I'm currently working on a refactorisation and simplification of
exception and syscall entry on ppc32.

I plan to take your patch in my serie as it helps quite a bit. I hope
you don't mind. I expect to come out with a series this week.

Ben's AFK so go ahead and pull it in to your series if that helps you.
The main obscure area is that business with the irqsoff tracer and thus
the need to create stack frames around calls to trace_hardirqs_* ... we
do it in some places and not others, but I've not managed to make it
crash either. I need to get to the bottom of that, and possibly provide
proper macro helpers like ppc64 has to do it.

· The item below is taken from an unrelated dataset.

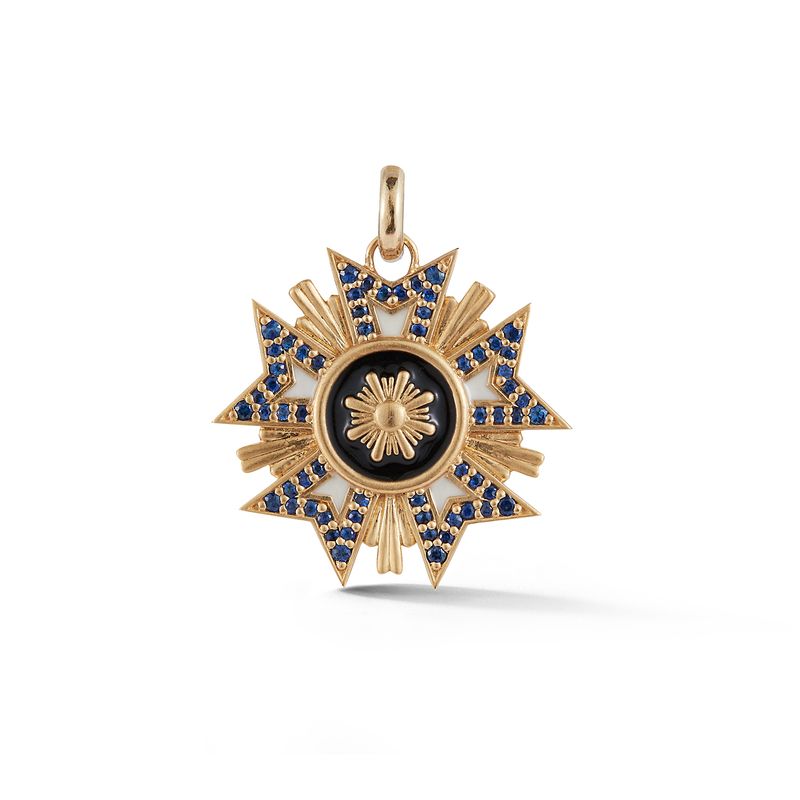 Florence Medallion with Blue Sapphires, White and Black Enamel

I can't see anything special around this in ppc32 code. As far as I
understand, a stack frame is put in place when there is a need to
save and restore some volatile registers. At the places where nothing
needs to be saved, nothing is done. I think that's the normal way for
any function call, isn't it ?

The concern was that the irqsoff tracer was doing
__builtin_return_address(1) (or some number > 0) and that crashes if
there aren't sufficiently many stack frames available.

See ftrace_return_address.

Possibly the answer is that we don't have CONFIG_FRAME_POINTER and so we
get the empty version of that.


Yes indeed, ftrace_return_address(1) is not __builtin_return_address(1) but 0ul as CONFIG_FRAME_POINTER is not defined. So the crash can't be due to that as it would then crash regardless of whether we set a stack frame or not. And anyway, as far as I understand, if the stack is properly initialised, __builtin_return_address(X) returns NULL and don't crash when the top of backtrace is reached.

Do you have more details about the said crash ? I think we should file an issue for it in our issue databse.

For the time being, I'll get rid of that unneccessary stack frame in entry_32.S as part of my syscall prolog optimising series.